This spiny star can be found in a variety of colors including black, dark brown, olive, straw, or gray. It typically has 5 arms, each up to 13.2 inches long, with very large spines surrounded by a gray circle of tiny, pinching pedicellariae.
Habitat
Subtidal from 20-1,745 feet deep on rock or shell-gravel bottoms
Diet
Primarily snails, but also eats small fish such as sculpins, chitons, and scallops
Life History
Velcro stars reproduce by broadcast spawning. Eggs or sperm are released from small openings called gonopores between each arm. Larvae start life as plankton where they feed in the water column.
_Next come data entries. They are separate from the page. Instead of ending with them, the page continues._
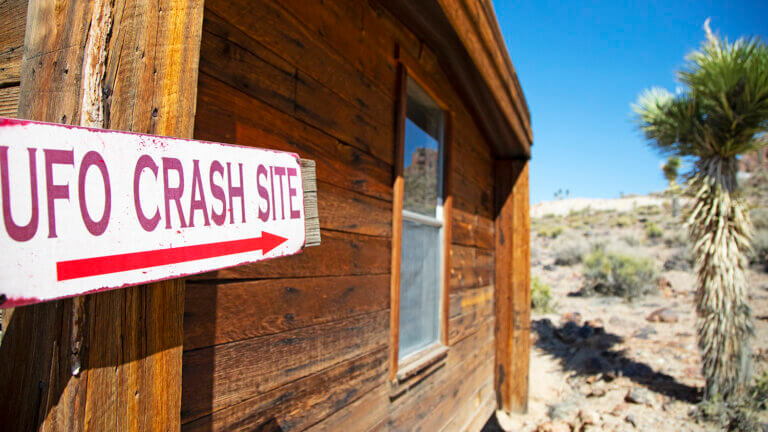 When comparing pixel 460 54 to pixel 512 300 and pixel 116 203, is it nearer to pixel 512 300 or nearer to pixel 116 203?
pixel 116 203

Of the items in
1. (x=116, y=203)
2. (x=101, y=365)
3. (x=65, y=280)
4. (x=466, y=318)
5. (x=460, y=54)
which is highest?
(x=460, y=54)

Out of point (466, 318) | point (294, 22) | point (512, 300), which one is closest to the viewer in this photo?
point (294, 22)

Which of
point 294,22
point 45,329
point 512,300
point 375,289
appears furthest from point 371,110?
point 512,300

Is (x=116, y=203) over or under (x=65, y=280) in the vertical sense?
over

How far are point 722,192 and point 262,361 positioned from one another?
21.0 ft

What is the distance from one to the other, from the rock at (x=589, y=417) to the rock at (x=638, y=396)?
0.80 meters

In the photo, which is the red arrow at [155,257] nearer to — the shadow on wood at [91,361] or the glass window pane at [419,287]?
the shadow on wood at [91,361]

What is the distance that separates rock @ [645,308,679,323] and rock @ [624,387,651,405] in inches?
144

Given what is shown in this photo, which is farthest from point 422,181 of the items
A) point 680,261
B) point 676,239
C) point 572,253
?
point 676,239

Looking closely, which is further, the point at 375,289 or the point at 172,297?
the point at 375,289

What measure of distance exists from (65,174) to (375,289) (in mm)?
1586

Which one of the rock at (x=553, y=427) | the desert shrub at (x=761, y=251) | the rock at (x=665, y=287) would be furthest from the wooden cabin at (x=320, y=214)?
the desert shrub at (x=761, y=251)

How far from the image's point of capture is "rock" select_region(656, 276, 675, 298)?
432 inches

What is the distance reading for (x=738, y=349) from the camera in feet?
17.3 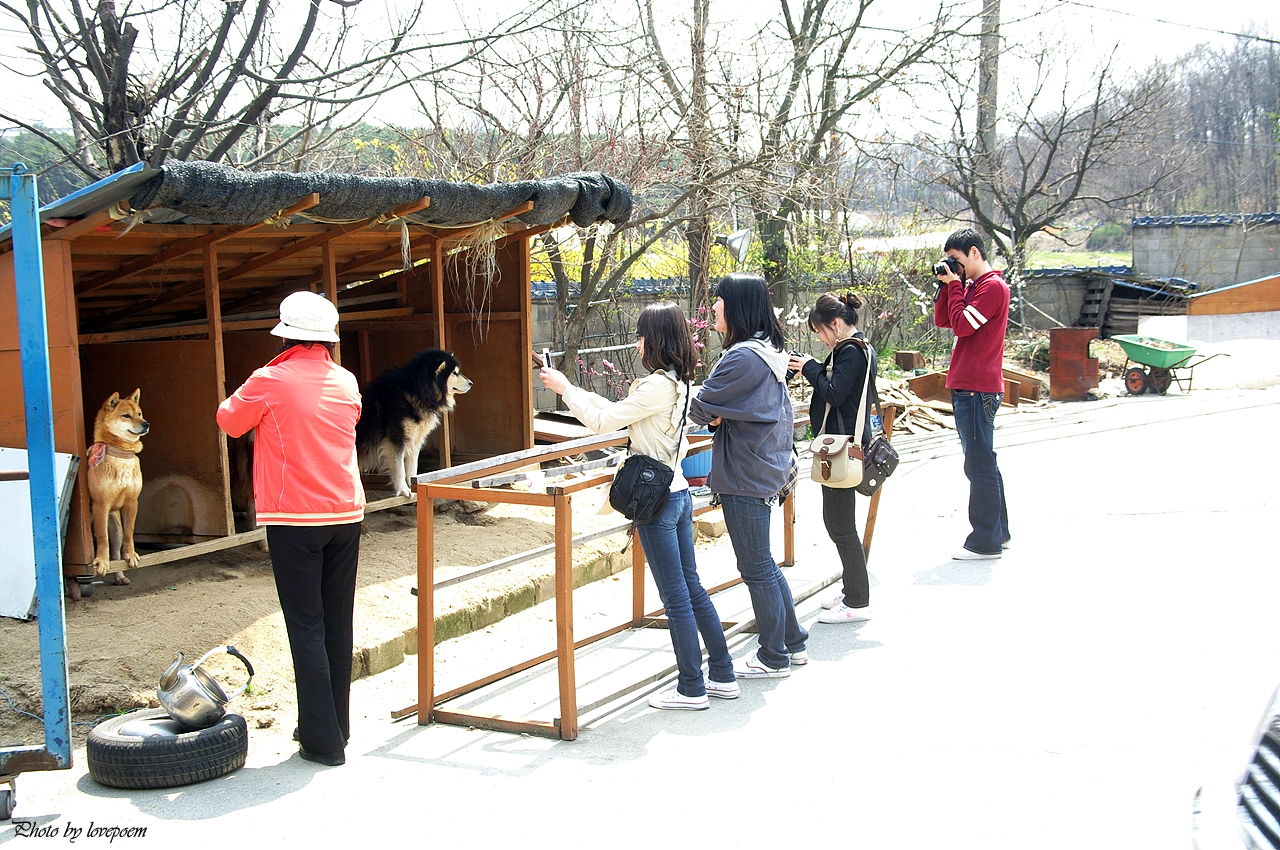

They then undergo metamorphosis into the juvenile form and settle onto the bottom. Can grow up to 40 inches across.
IUCN Status
Not Evaluated
Ecosystem & Cultural Importance
A scale worm will sometimes live atop a velcro star
A large velcro star can have as many as 50,000 powerful pedicellariae. Each spine is surrounded by 35-40 of these tiny pinchers which, when stimulated, rise up around the spine with the tiny jaws of each opening wide, ready to snap shut on anything that touches it, including fish. It will also use them to attack any morning sun stars that try to eat it.
This star can move at a top speed of 12.6 inches per minute.